As a concrete counterpoint here to Nile is my thesis. [...] the little language problem, in terms of what Nile wants to support, is old news.

Note that Nile is addressing a different, much more low level problem: doing the graphics rasterization, not the graphics layout. Given a vector graphics representation, for example a circle or a shape consisting of bezier curves (e.g. a glyph from a font), it draws the pixels.

For performance, optimizing a dynamic constraint system (e.g., parallel computation on a dynamic dependency graph) is doable, but uninteresting: a good sequential implementation should beat it. The question is how to generate good sequential code and parallelize that: using the best techniques we knew, including inventing several, it took us a 20,000loc code generator (without worrying about loc). This is not including our extensive use of libraries. It is also with making some restrictions on what can be expressed: much of the research challenge is finding a good trade-off.

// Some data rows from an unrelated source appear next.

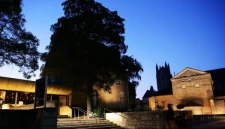 Nuit au musée Sainte Croix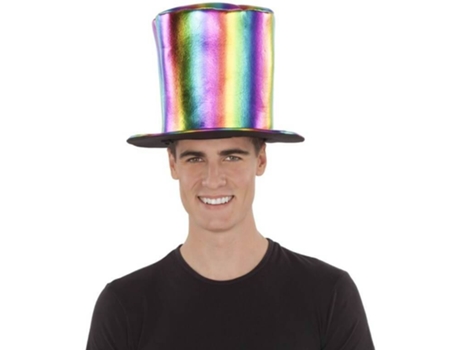 Chapéu DISFRAZZES Festa (Tam: Tamanho Único)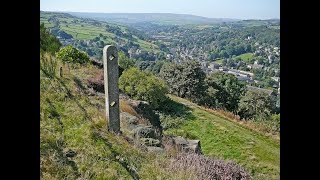 Places to see in  Holmfirth  UK [upl. by Nilyak]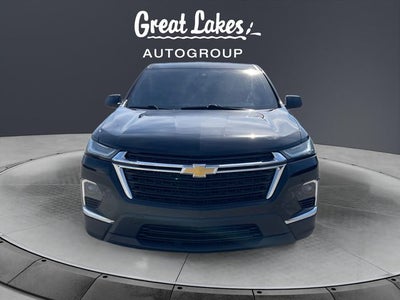 2022 Chevrolet Traverse LS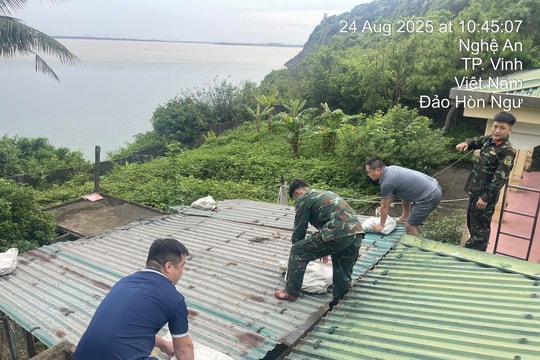 Yêu cầu 11 tỉnh, thành miền Bắc khẩn trương ứng phó mưa lớn, lũ quét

Surely that code size would make you find the STEPS results so far all the more amazing ;) I see what you're saying, but they don't claim to win any performance contests: they merely show that they can build something that's good enough with very low LOC. Their point about parallelism was that instead of spending a million LOC on optimizing the heck out of the sequential version like Cairo, a better strategy to improve performance that does not defeat their LOC goals is to parallelize it and wait until Intel delivers more cores:

The  multithreaded  runtime  is  used  by  our  2D  vector  graphics  renderer  to  support  other  STEPS 
subprojects while maintaining good performance. To gauge performance potential farther into the future, 
we have also run one of our rendering benchmarks on a 40‑core machine, resulting in a nearly 30 times 
speedup (see figure 2). We believe that this demonstrates that implicit parallelism provides an avenue for 
high performance that doesnʹt sacrifice the minimalism and clarity that are important goals of the STEPS 
project.
Simplifying their issues away -- the Forth and STEPS approach -- is a non-solution and something we already have a handle on.

Certainly STEPS simplifies a lot of stuff away, most importantly backwards compatibility with existing formats (that's the point). However, comparing STEPS with Forth does not do justice to STEPS. You can't do much in Forth effectively, for example where is the graphical OS in Forth? The email client? The word processor? Compare this with STEPS: they were able to write the STEPS document in their OS on their word processor where text and images are rendered with their graphics pipeline compiled with their compilers and exported to PDF with their tools.

The most important lesson of STEPS, if they succeed, is exactly what they say it is: 99.9% of code is unnecessary to get an experience that's roughly equivalent to current personal computing, if you are willing to start from scratch. I don't think that the fact that this code reduction is achievable and how to "get a handle on it" is as obvious to everybody as to you; it certainly would surprise me, certainly before I heard about STEPS. 10x perhaps, 100x unlikely, but 1000x?

BTW, what do you mean by "SMT-based synthesis of polyhedral codes"?

What do you mean by

What do you mean by unique?

Tiny DSLs. The particular case of Nile, targeting UIs, is very well studied.

Certainly. But the domain expertise can be written down very concisely as a program space... the domain knowledge can be written down in half a page.

You're trivializing the optimizations performed by HPC specialists and over-estimating the abilities of modern compiler technology. The specialists *do* use code generation, and the synthesis/compilers community has long been trying to do what you're assuming to be solved. I agree with the vision; we're just not there.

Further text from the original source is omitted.